Input for this task:

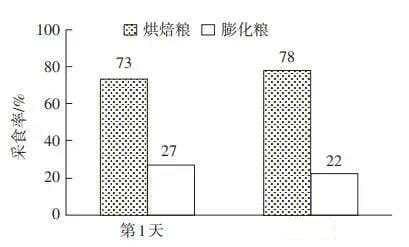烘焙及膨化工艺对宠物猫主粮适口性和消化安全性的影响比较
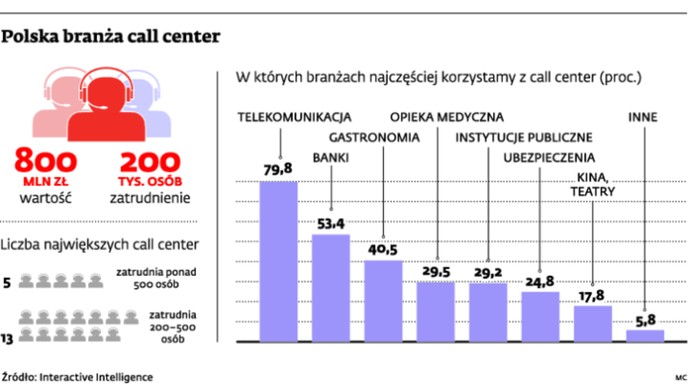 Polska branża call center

---

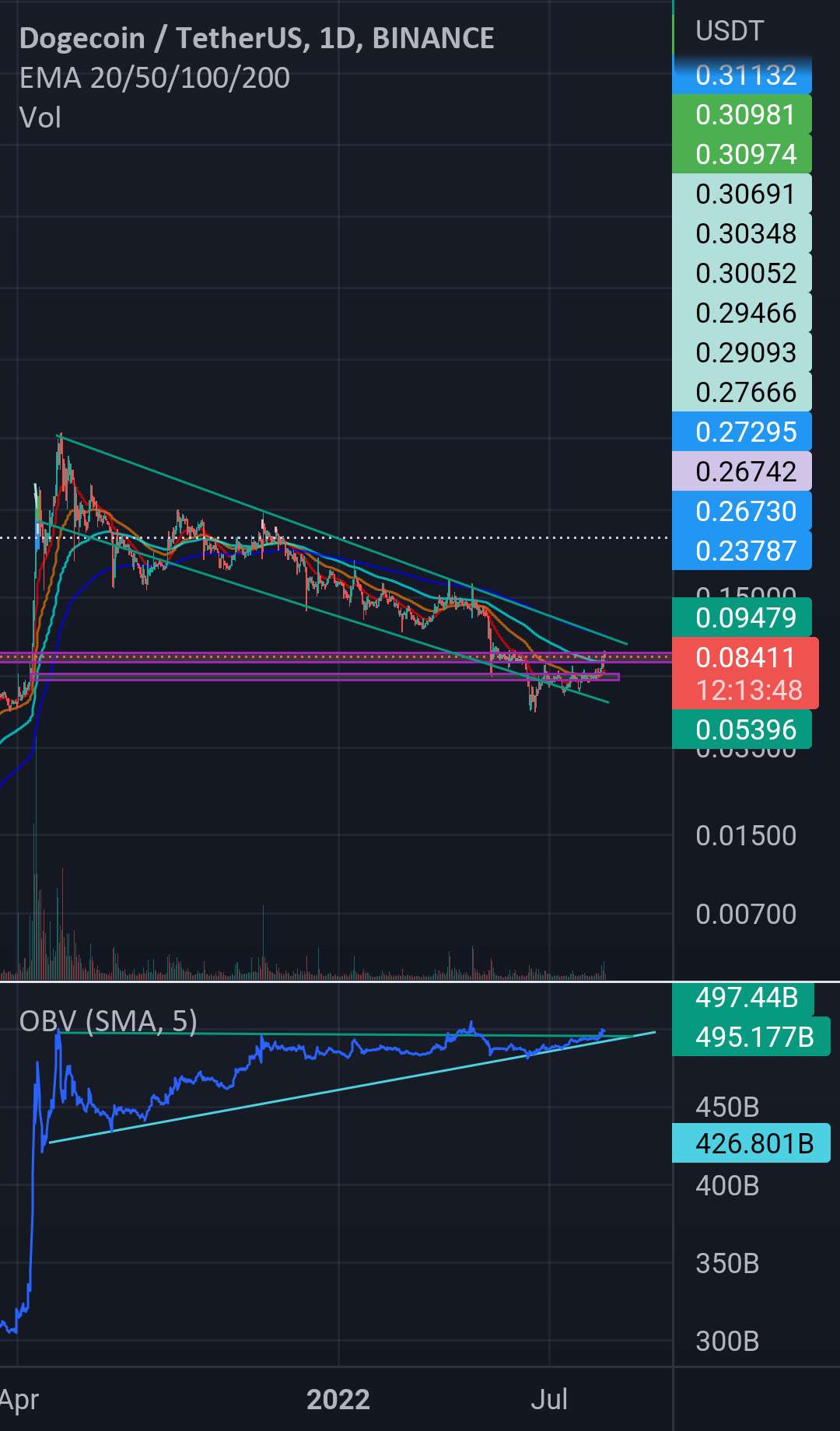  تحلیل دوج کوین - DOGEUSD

Exercise details: The expected output is the lines above from the one containing "烘焙及膨化工艺对宠物猫主粮适口性和消化安全性的影响比较" to the one containing "Polska branża call center", both ends included, reproduced exactly with every picture left out.

Response to this task:
烘焙及膨化工艺对宠物猫主粮适口性和消化安全性的影响比较
 Polska branża call center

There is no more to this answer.